Segment Start: DATA PROVIDED

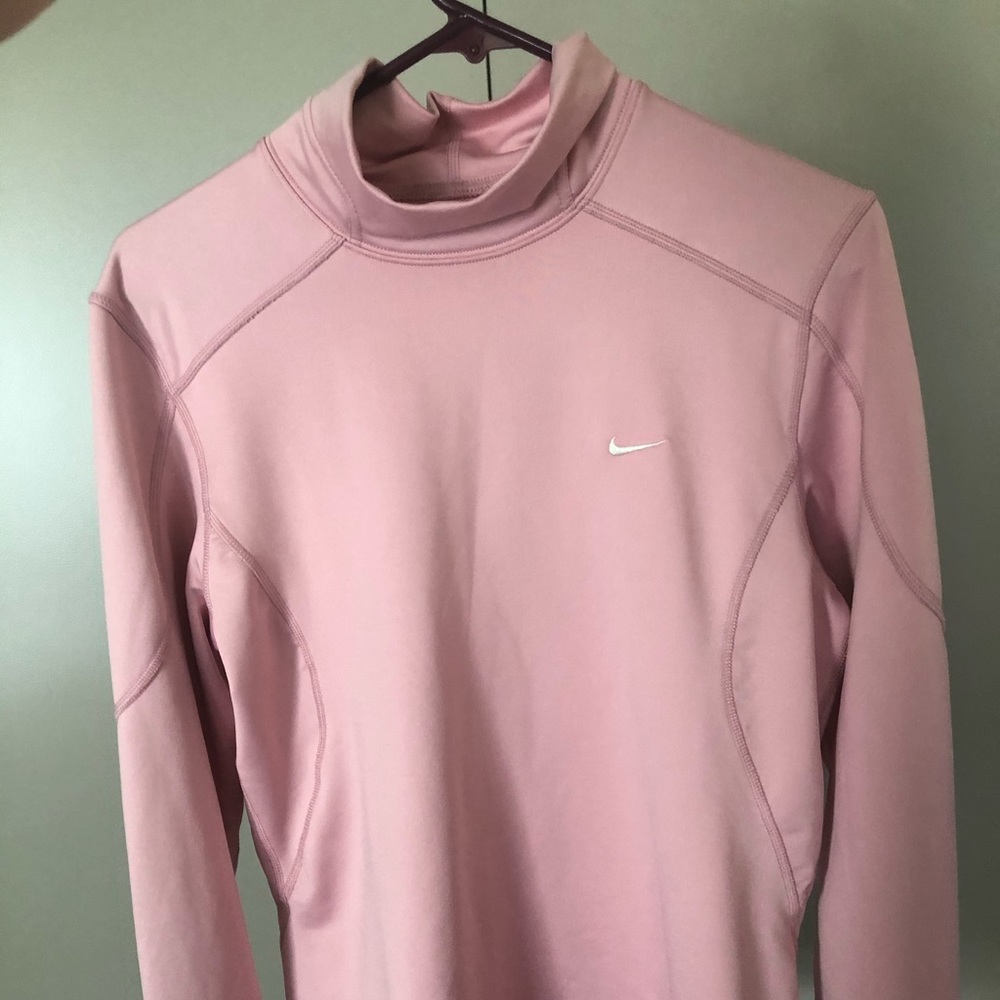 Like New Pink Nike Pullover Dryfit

Segment End: DATA PROVIDED
Segment Start: DATA PROVIDED

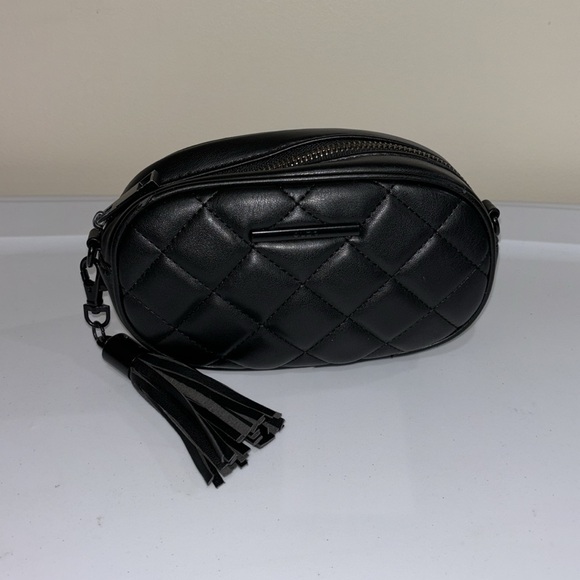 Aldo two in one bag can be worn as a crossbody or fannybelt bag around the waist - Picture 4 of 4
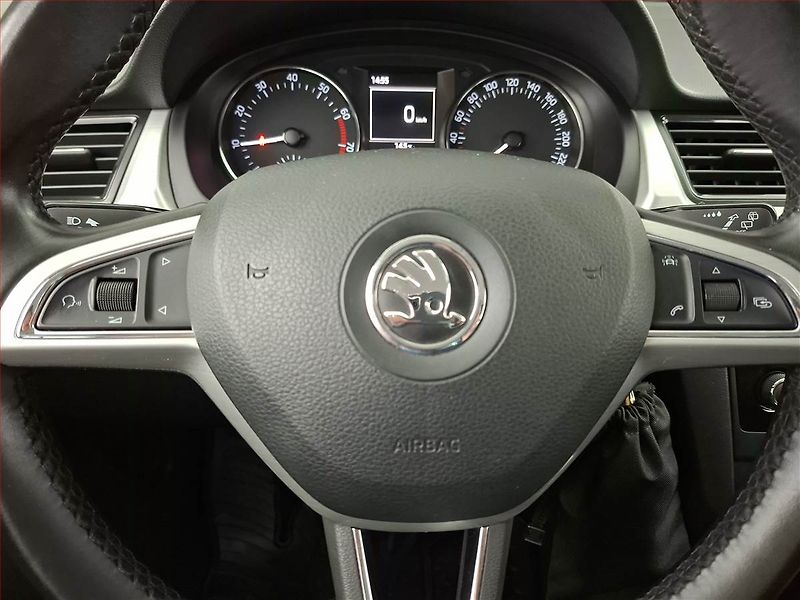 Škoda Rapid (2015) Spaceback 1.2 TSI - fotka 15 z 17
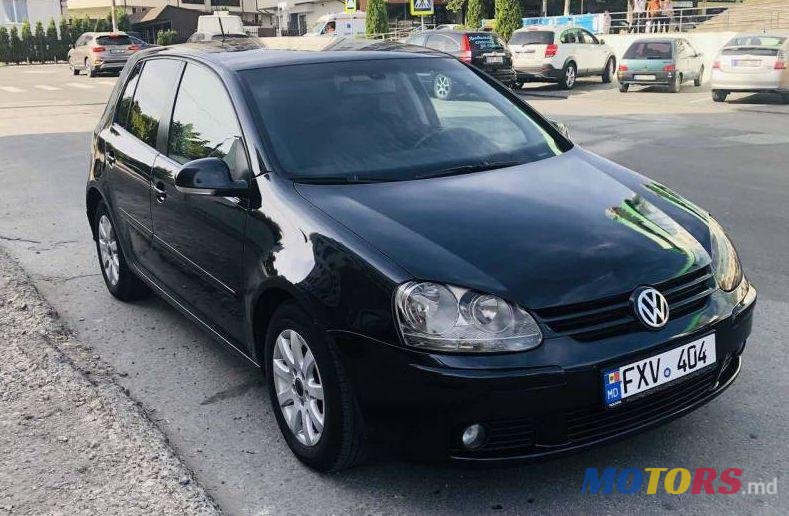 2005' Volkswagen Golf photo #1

Segment End: DATA PROVIDED

PROBLEM STATEMENT:
Although the records hold pictures, the copy must not; give again exactly the lines from the one with "Škoda Rapid (2015)" through the one with "2005' Volkswagen Golf photo #1".

REPLY TO THE EXERCISE:
 Škoda Rapid (2015) Spaceback 1.2 TSI - fotka 15 z 17
 2005' Volkswagen Golf photo #1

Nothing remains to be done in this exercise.